F. Pola, ed., Gianni Colombo: The Body and the Space 1959–1980, exh. cat. Robilant+Voena, London, 2015, pp. 142, 220, fig. 131, illustrated.
“A further example of the concept of ‘elastic space’ is the construction of real object-paintings in which the conceptual and perceptive non-determination of form, structure and image is achieved by other means. The subject of the work is the condition of space, at once projective and appropriated, the transformation of a sign, which displays the theoretical features of geometrical design at first, into something physical. Once more, the focus is on the arbitrary modifiability of a structure, which can be constructed in a number of ways, as a result of the viewer’s participation, thanks to the elasticity of the metal threads that are used as signs.”—Flaminio Gualdoni, in Gianni Colombo, exh. cat. Studio Gariboldi, Milan, 2010
Gianni Colombo produced his first artworks—an oeuvre which comprises painting, sculpture and ceramics—in 1955. He studied at the Accademia di Brera in Milan, attending courses in painting taught by Achille Funi and Pompeo Borra. He shared his first studio in the via Montegrappa with Davide Boriani and Gabriele Devecchi, and eventually moved to a studio next to that belonging to his brother, the famous designer Joe Colombo. He experimented with different materials and languages, and in 1959 founded Gruppo T with Giovanni Anceschi, Davide Boriani and Gabriele Devecchi, becoming an internationally acclaimed protagonist of Kinetic and Programmed Art.
Colombo was both a technician of manipulable, kinetic objects, and a Dadaist architect. His desire to go beyond a traditional conception of the work of art, of transforming viewers into technicians, led the artist to experiment with new structures of perception by means of light effects and unusual balances. He aimed to modify the viewer’s sensations, surprising them with the creation of new synaesthetic fields of interaction between different sensory organs. Colombo sought to disrupt the perceptive passivity of the places in which art is viewed, from galleries and museums to houses and palaces, and thus expose the inertia that characterised their use.

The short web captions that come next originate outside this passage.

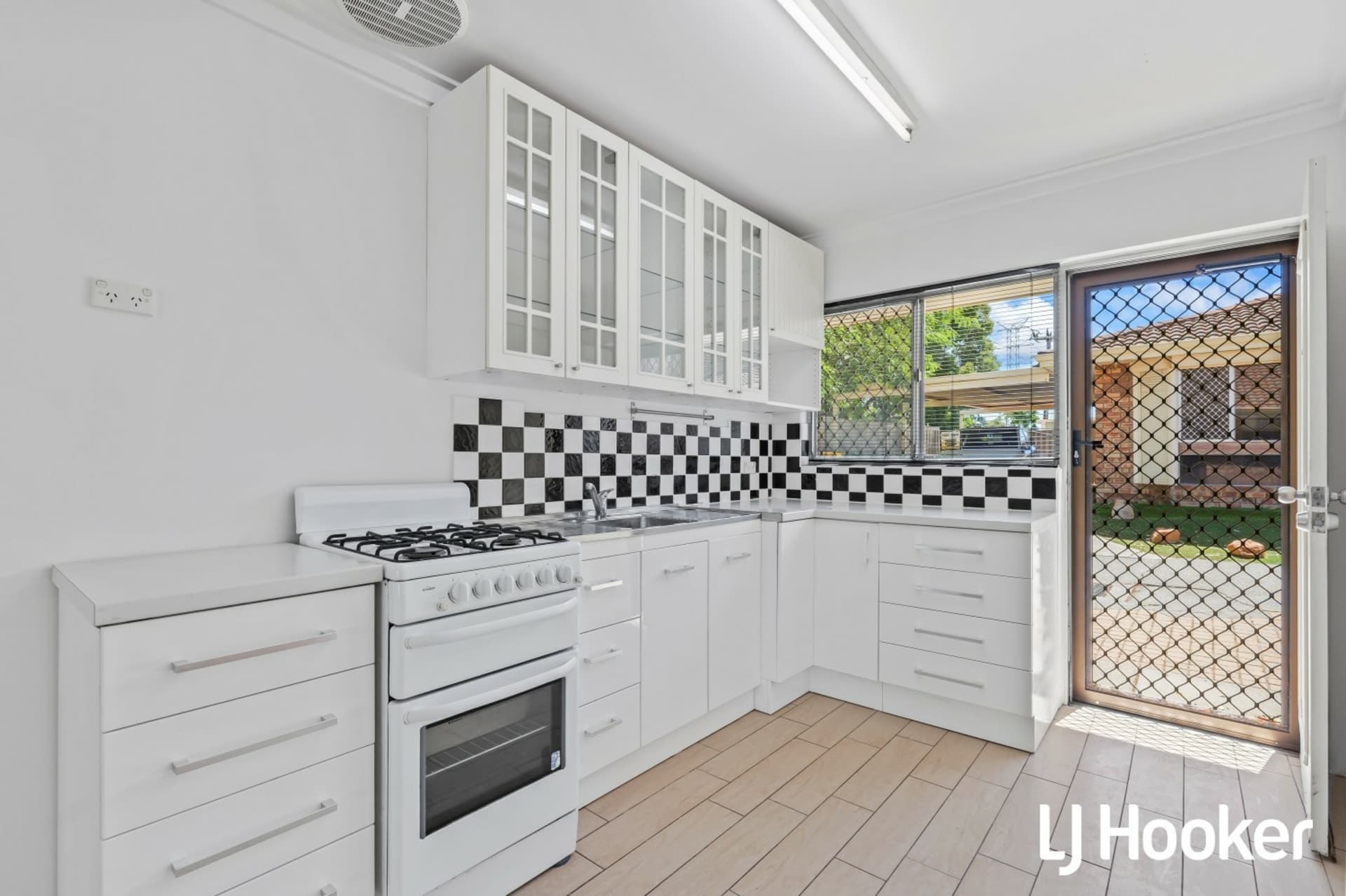 Unit 1/191-193 Manning Road, Bentley, Bentley - Thumbnail 5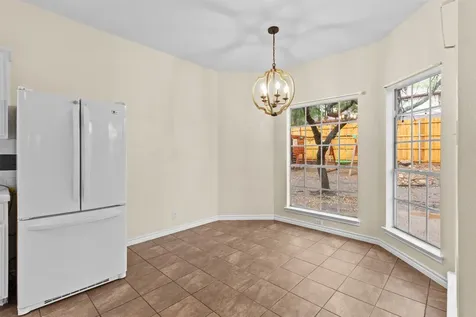 11105 Forest Breeze Live Oak TX 78233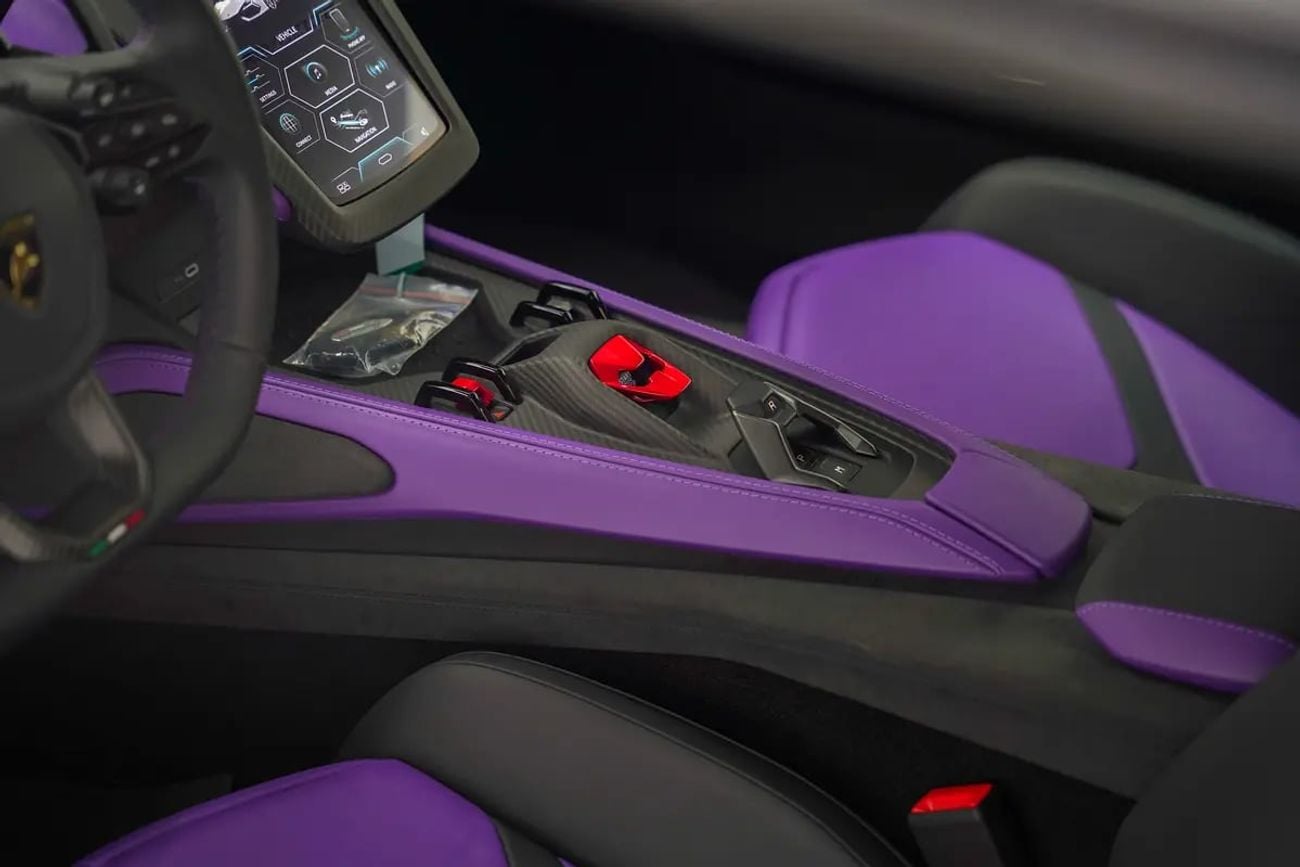 Lamborghini Revuelto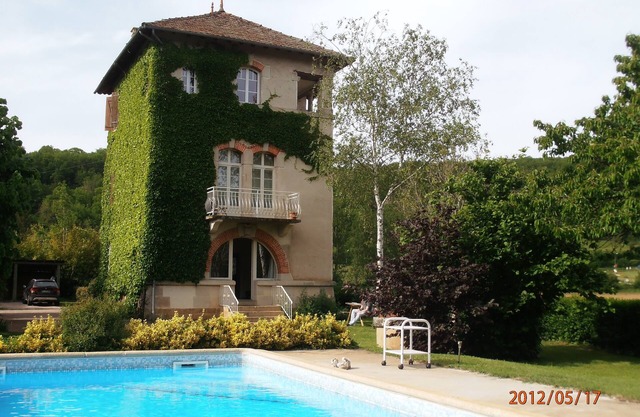 charming presbytery in Figeac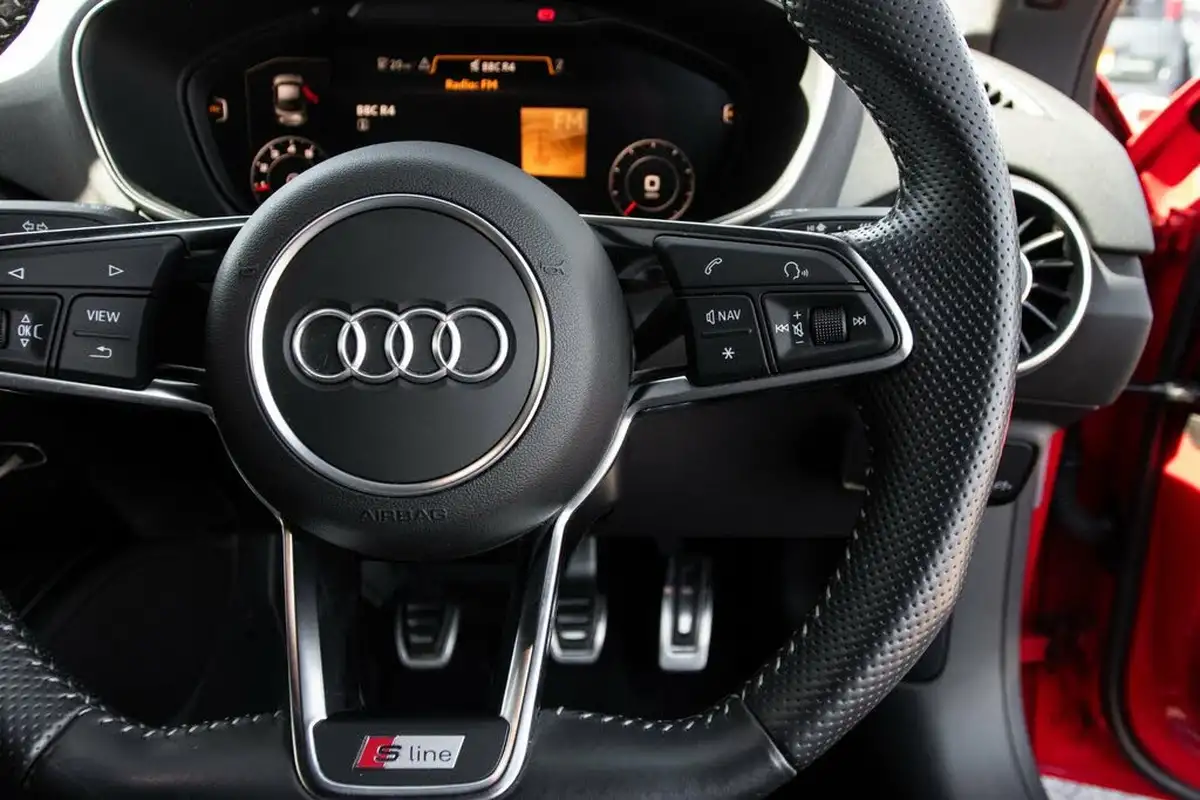 2015-audi-tt-coupe-20-tfsi-s-line-big-19
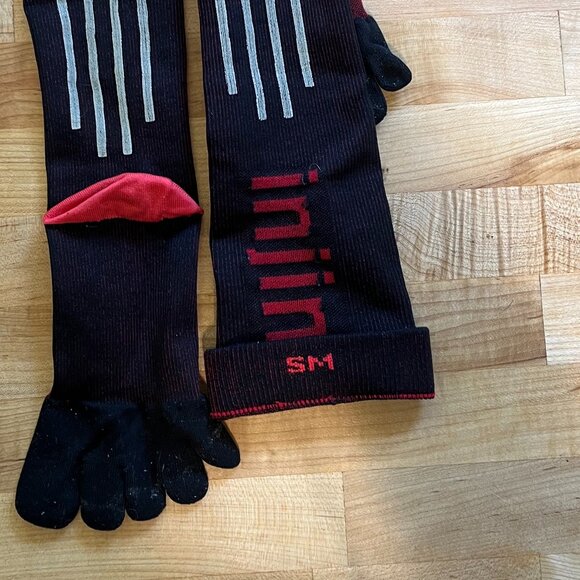 Men's Small 6-7.5 Injinji Compression Over The Calf Long Toe socks Black - Picture 3 of 3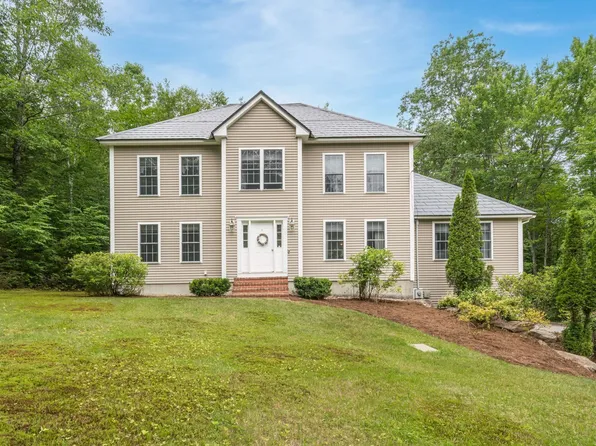 83 Center Road, Chichester, NH 03258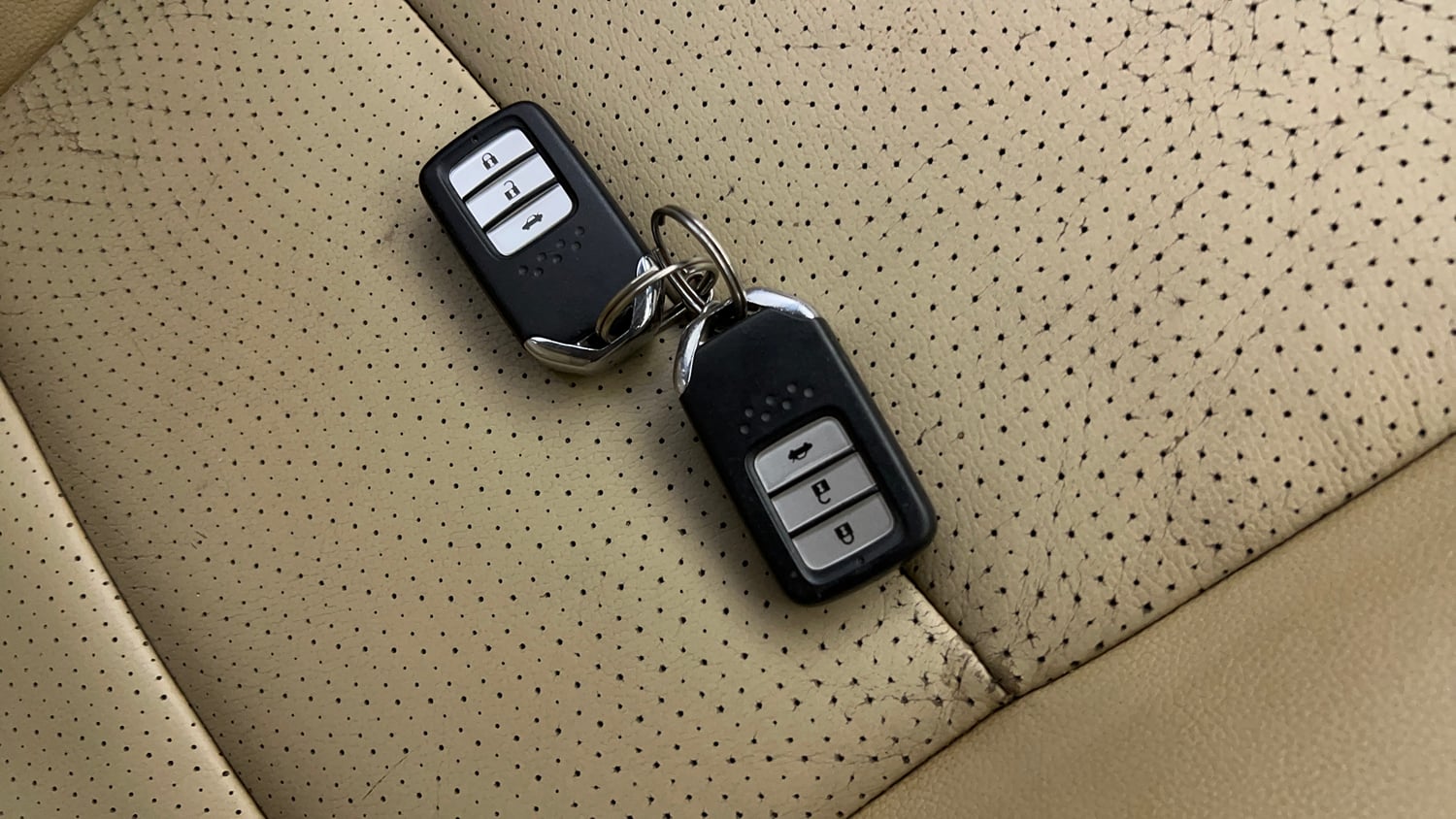 Used 2015 Honda City VX Petrol Manual extra CAR KEY VIEW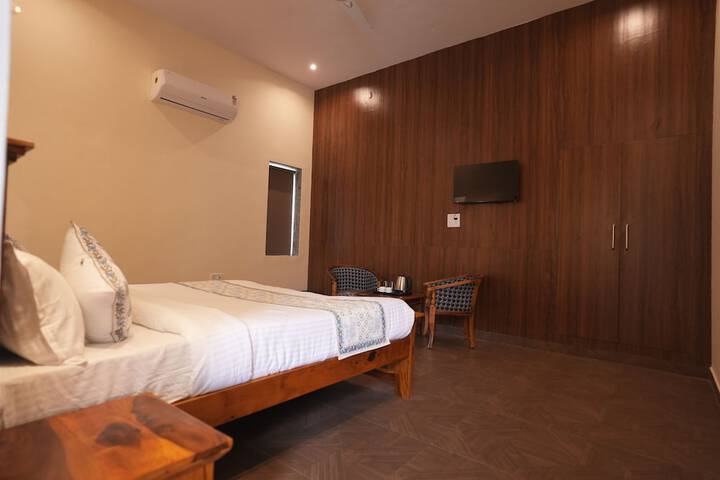 Room 4 of 11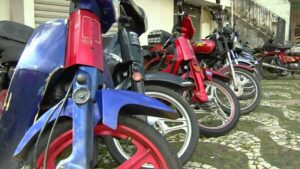 Detran aplica prova para habilitação de condutores de motos até 50cc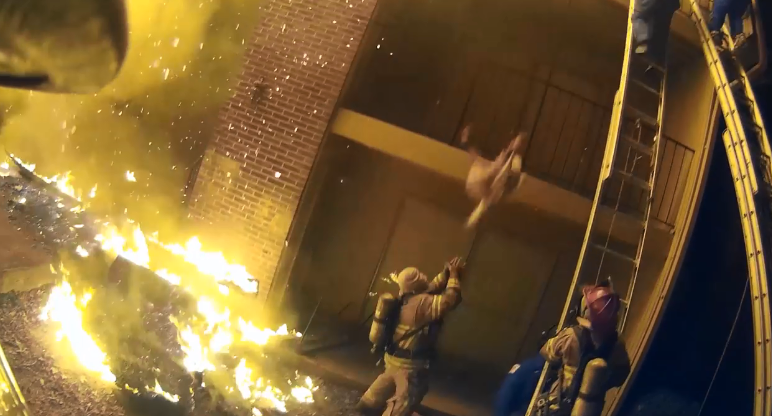 Video: un bombero atrapa a un bebé arrojado desde un edificio en llamas | Redes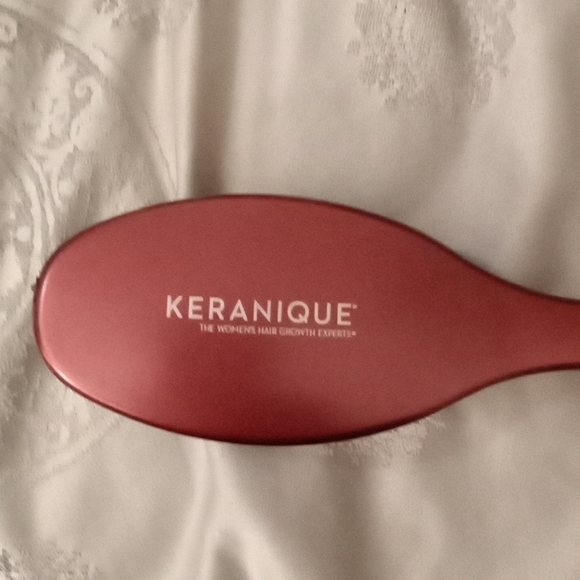 Keranique Other - NWT Hairbrush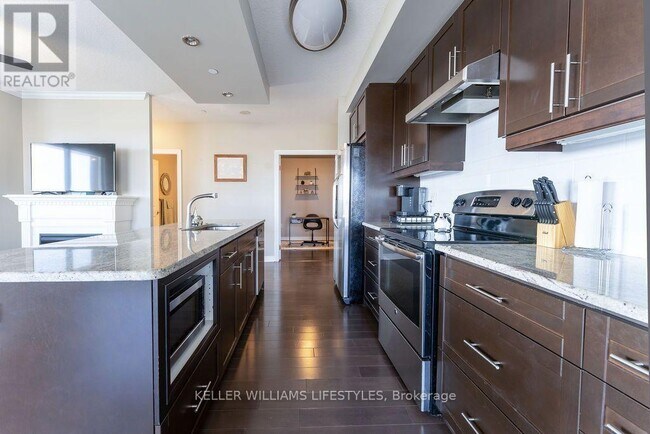 Photo - 330 Ridout St N Unit 804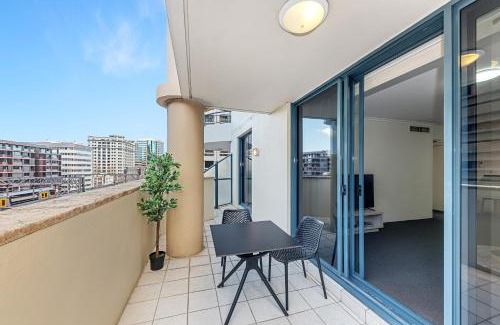 Haymarket Apartment | Comfy and Spacious 1B Sydney CBD Apartment in Central
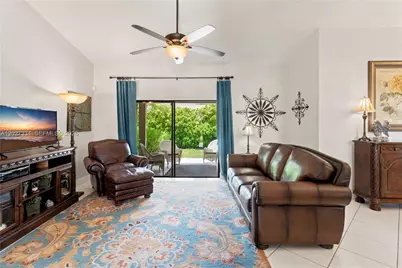 14641 Kirsten Ct, Davie, FL 33325 - Photo 7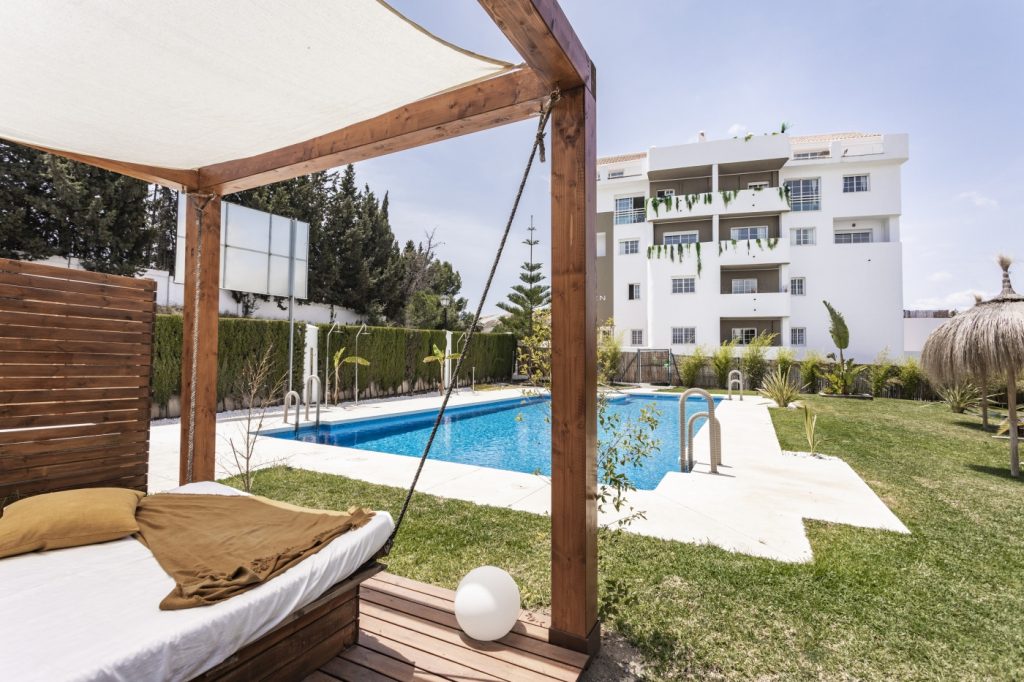 Luxus und Komfort in Nueva Andalucía: Exklusive Wohnungen und Penthäuser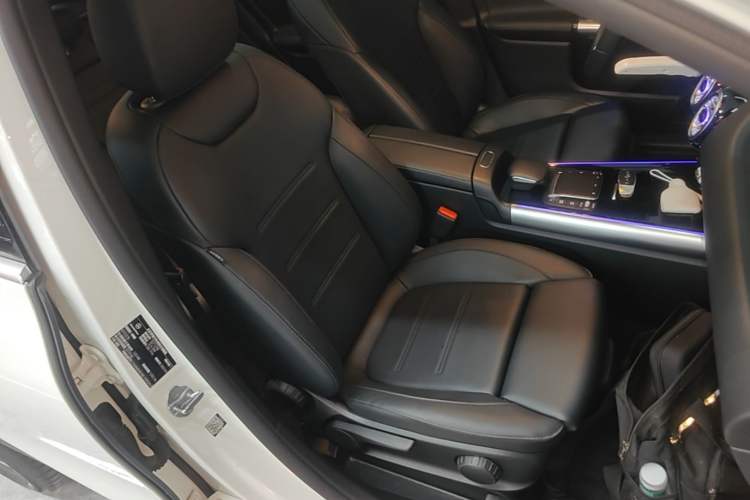 Used Mercedes-Benz GLA 2022 Facelifted GLA 200 Right Front Seat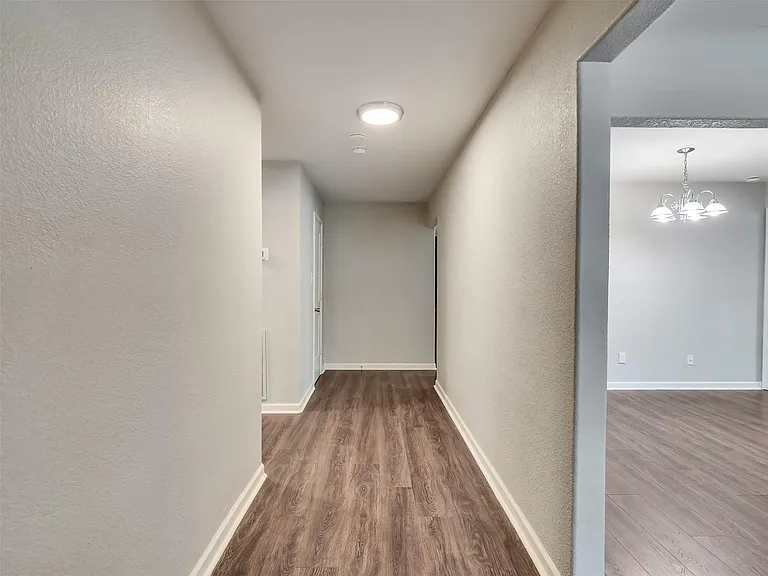 2030 Lone Rock Dr — Photo 3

Colombo experimented with his elastic spaces in several forms: from the early nets of cubes consisting of elastic threads set in motion by engines or by means of UV light, to the installation of an “environmental” elastic space at the Attico gallery in Rome (1967–68), an idea which would inspire several later variations. At the end of the 1970s, Colombo developed a series of elastic spaces built using lightweight metal structures in the shape of cubes which he suspended from the ceiling using simple nylon threads that he set in motion by means of engines. The importance of the viewer’s interactive role became more prominent once again in another series of elastic spaces the artist developed from 1974 onwards, to which the present work, dated 1975, belongs. In such pieces, Colombo used the traditional surface of a painting, transforming it into a panel that the subject can influence by moving the elastic threads with their hands. The drawings that can thus be obtained absorb the viewer in a relationship that has the seeming lightness of a game—“game” and “lightness” being two key words central to Colombo’s poetics.